Fol. 21: A bearded man holding three mazzot is depicted in a rectangular panel placed within the lower right text space next to the word mazzah. He holds up one mazzah in his right hand and holds the other two in his left. He has brown hair and beard, and wears a long green robe and red pointed shoes. He stands on a tiled floor of alternating dark and light grey.
Two elongated acanthus stems issue from the lower part of the panel frame, extending up the inner margin and along the lower one.
Latin annotation by Erhard is written in black cursive script:
Next to: מצה זו שאנו אוכלין על שום מה
Elevantur azime et omnibus secundo ostenduntur
The mazzot are raised and shown to everybody for the second time.
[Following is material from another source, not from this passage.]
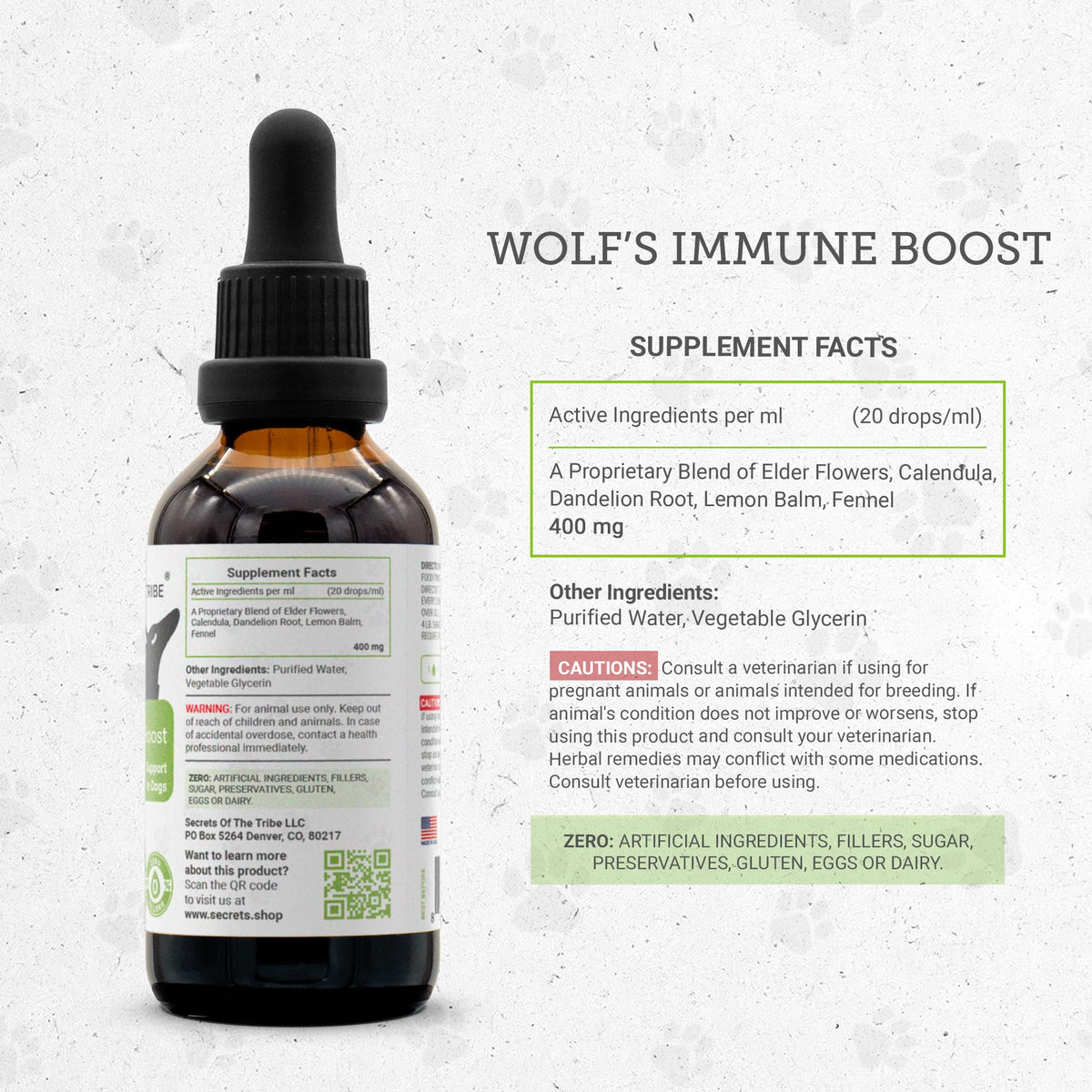 Herbal Dietary Supplement for Dogs 2 oz U872656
See: General Document for acanthus branches and Appendix.
A | Acanthus scroll
Fig. 1: Displaying the Mazzah
Munich, BSB Cod. hebr. 200, fol. 21
Fig. 2: Displaying the Mazzah
Hileq and Bileq Haggadah South Germany, second half of the 15th century
Paris, BnF hébr. 1333, fol. 19
(Narkiss and Sed-Rajna, IJA 1978/1)
Fig. 3: Displaying the Mazzah
Bird's Head Haggadah
Jerusalem, IM MS 180/57
(Spitzer, facsimile 1967)
Fig. 4: Displaying the Mazzah
London, BL Add. 27210,
(Narkiss, facsimile 1970)
The mazzah which is held up while reciting "this mazzah …" is depicted in Sephardi and Ashkenazi haggadot of all periods. In the Ashkenazi tradition the mazzah is being held up by a man in the margins (figs. 1-3). The protrusion at the top the mazzah in the Hileq and Bileq Haggadah (fig. 2) indicates that this is the first of the three mazzot. The second mazzah would have two and the third three protrusions, as seen in the Bird's Head Haggadah of c.1300 (fig. 3). In our haggadah, besides the raised mazzah the man is holding two others (fig. 1) though these are without protrusions. By contrast, in Sephardi haggadot the large ornamental mazzah is depicted in the centre of the page (fig. 4; Narkiss 1997, pp. 15-16).